> _TASK_: Among the entries below, copy only the span from the line containing "Wieża ratuszowa na" through the line containing "316 Chainmail Scrubber". Do so exactly, and skip the pictures.
+++ DATASET ENTRIES
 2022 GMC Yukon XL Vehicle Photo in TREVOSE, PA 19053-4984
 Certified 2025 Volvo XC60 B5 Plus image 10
++++++
+++ DATASET ENTRIES
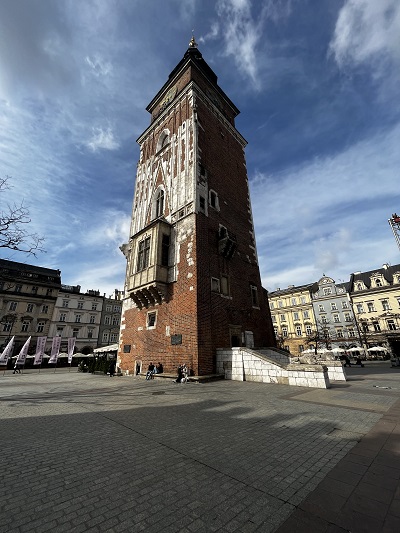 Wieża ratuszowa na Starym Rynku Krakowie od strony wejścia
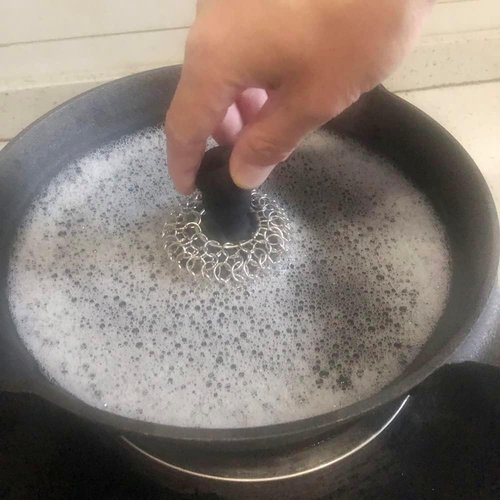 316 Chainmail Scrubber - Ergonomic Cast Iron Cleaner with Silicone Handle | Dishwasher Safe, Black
++++++
> _ANSWER BOX_:
 Wieża ratuszowa na Starym Rynku Krakowie od strony wejścia
 316 Chainmail Scrubber - Ergonomic Cast Iron Cleaner with Silicone Handle | Dishwasher Safe, Black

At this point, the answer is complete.